[Stored items from a collection]
*-*-*
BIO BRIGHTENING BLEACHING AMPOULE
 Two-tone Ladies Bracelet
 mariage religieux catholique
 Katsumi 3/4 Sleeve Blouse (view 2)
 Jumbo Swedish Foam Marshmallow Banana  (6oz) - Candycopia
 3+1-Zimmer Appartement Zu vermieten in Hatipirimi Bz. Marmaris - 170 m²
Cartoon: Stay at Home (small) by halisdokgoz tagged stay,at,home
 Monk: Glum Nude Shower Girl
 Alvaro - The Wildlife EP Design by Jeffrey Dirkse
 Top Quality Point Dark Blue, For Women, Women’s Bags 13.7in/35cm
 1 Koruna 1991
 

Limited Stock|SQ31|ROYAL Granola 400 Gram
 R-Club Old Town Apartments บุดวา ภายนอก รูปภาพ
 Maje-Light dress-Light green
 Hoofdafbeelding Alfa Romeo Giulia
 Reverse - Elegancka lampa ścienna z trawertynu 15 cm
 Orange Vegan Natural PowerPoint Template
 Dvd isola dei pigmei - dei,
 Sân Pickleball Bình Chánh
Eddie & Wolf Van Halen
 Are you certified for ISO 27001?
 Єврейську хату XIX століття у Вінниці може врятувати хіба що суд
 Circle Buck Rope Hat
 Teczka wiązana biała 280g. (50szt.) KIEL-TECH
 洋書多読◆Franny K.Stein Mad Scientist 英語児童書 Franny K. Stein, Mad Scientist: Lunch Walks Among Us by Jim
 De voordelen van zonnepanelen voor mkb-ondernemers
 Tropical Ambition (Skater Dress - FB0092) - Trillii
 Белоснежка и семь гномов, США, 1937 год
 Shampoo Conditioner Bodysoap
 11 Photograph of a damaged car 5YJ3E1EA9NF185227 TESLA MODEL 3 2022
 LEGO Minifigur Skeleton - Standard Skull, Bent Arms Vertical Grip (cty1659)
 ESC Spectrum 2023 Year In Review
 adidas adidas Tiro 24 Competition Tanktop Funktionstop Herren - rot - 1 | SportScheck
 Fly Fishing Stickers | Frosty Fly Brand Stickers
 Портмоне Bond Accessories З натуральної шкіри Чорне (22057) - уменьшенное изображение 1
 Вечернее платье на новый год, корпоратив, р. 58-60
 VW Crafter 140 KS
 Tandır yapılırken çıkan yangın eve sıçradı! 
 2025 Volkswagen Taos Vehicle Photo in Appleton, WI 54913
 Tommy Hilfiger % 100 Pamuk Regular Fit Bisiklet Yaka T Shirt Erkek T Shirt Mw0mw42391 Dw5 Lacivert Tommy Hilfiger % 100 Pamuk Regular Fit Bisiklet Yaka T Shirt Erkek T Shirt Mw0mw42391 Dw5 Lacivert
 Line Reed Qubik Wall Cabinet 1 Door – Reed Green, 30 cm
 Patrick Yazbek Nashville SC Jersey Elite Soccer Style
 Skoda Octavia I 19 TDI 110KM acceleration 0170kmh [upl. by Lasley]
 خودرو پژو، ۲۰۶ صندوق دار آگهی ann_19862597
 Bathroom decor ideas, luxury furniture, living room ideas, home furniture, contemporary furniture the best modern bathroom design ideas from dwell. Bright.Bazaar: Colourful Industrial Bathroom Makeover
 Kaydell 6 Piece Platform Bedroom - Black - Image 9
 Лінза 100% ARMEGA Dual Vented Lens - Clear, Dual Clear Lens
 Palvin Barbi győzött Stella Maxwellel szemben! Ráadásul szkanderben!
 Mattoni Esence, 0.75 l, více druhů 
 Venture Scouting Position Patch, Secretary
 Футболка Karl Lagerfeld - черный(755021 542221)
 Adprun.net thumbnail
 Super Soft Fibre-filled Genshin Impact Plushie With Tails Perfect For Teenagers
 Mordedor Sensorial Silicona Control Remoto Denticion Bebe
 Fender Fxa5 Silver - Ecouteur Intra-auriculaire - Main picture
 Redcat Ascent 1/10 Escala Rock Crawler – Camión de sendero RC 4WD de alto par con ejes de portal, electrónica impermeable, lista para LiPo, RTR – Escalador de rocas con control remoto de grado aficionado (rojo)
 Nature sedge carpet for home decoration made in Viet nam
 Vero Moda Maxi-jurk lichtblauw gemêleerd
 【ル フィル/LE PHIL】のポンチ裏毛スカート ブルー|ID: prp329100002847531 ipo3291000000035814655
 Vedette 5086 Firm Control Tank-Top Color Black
*-*-*
**What is being asked:** The records above must be retyped in full. Keep each one exactly as it is.

**Written response:**
BIO BRIGHTENING BLEACHING AMPOULE
 Two-tone Ladies Bracelet
 mariage religieux catholique
 Katsumi 3/4 Sleeve Blouse (view 2)
 Jumbo Swedish Foam Marshmallow Banana  (6oz) - Candycopia
 3+1-Zimmer Appartement Zu vermieten in Hatipirimi Bz. Marmaris - 170 m²
Cartoon: Stay at Home (small) by halisdokgoz tagged stay,at,home
 Monk: Glum Nude Shower Girl
 Alvaro - The Wildlife EP Design by Jeffrey Dirkse
 Top Quality Point Dark Blue, For Women, Women’s Bags 13.7in/35cm
 1 Koruna 1991
 

Limited Stock|SQ31|ROYAL Granola 400 Gram
 R-Club Old Town Apartments บุดวา ภายนอก รูปภาพ
 Maje-Light dress-Light green
 Hoofdafbeelding Alfa Romeo Giulia
 Reverse - Elegancka lampa ścienna z trawertynu 15 cm
 Orange Vegan Natural PowerPoint Template
 Dvd isola dei pigmei - dei,
 Sân Pickleball Bình Chánh
Eddie & Wolf Van Halen
 Are you certified for ISO 27001?
 Єврейську хату XIX століття у Вінниці може врятувати хіба що суд
 Circle Buck Rope Hat
 Teczka wiązana biała 280g. (50szt.) KIEL-TECH
 洋書多読◆Franny K.Stein Mad Scientist 英語児童書 Franny K. Stein, Mad Scientist: Lunch Walks Among Us by Jim
 De voordelen van zonnepanelen voor mkb-ondernemers
 Tropical Ambition (Skater Dress - FB0092) - Trillii
 Белоснежка и семь гномов, США, 1937 год
 Shampoo Conditioner Bodysoap
 11 Photograph of a damaged car 5YJ3E1EA9NF185227 TESLA MODEL 3 2022
 LEGO Minifigur Skeleton - Standard Skull, Bent Arms Vertical Grip (cty1659)
 ESC Spectrum 2023 Year In Review
 adidas adidas Tiro 24 Competition Tanktop Funktionstop Herren - rot - 1 | SportScheck
 Fly Fishing Stickers | Frosty Fly Brand Stickers
 Портмоне Bond Accessories З натуральної шкіри Чорне (22057) - уменьшенное изображение 1
 Вечернее платье на новый год, корпоратив, р. 58-60
 VW Crafter 140 KS
 Tandır yapılırken çıkan yangın eve sıçradı! 
 2025 Volkswagen Taos Vehicle Photo in Appleton, WI 54913
 Tommy Hilfiger % 100 Pamuk Regular Fit Bisiklet Yaka T Shirt Erkek T Shirt Mw0mw42391 Dw5 Lacivert Tommy Hilfiger % 100 Pamuk Regular Fit Bisiklet Yaka T Shirt Erkek T Shirt Mw0mw42391 Dw5 Lacivert
 Line Reed Qubik Wall Cabinet 1 Door – Reed Green, 30 cm
 Patrick Yazbek Nashville SC Jersey Elite Soccer Style
 Skoda Octavia I 19 TDI 110KM acceleration 0170kmh [upl. by Lasley]
 خودرو پژو، ۲۰۶ صندوق دار آگهی ann_19862597
 Bathroom decor ideas, luxury furniture, living room ideas, home furniture, contemporary furniture the best modern bathroom design ideas from dwell. Bright.Bazaar: Colourful Industrial Bathroom Makeover
 Kaydell 6 Piece Platform Bedroom - Black - Image 9
 Лінза 100% ARMEGA Dual Vented Lens - Clear, Dual Clear Lens
 Palvin Barbi győzött Stella Maxwellel szemben! Ráadásul szkanderben!
 Mattoni Esence, 0.75 l, více druhů 
 Venture Scouting Position Patch, Secretary
 Футболка Karl Lagerfeld - черный(755021 542221)
 Adprun.net thumbnail
 Super Soft Fibre-filled Genshin Impact Plushie With Tails Perfect For Teenagers
 Mordedor Sensorial Silicona Control Remoto Denticion Bebe
 Fender Fxa5 Silver - Ecouteur Intra-auriculaire - Main picture
 Redcat Ascent 1/10 Escala Rock Crawler – Camión de sendero RC 4WD de alto par con ejes de portal, electrónica impermeable, lista para LiPo, RTR – Escalador de rocas con control remoto de grado aficionado (rojo)
 Nature sedge carpet for home decoration made in Viet nam
 Vero Moda Maxi-jurk lichtblauw gemêleerd
 【ル フィル/LE PHIL】のポンチ裏毛スカート ブルー|ID: prp329100002847531 ipo3291000000035814655
 Vedette 5086 Firm Control Tank-Top Color Black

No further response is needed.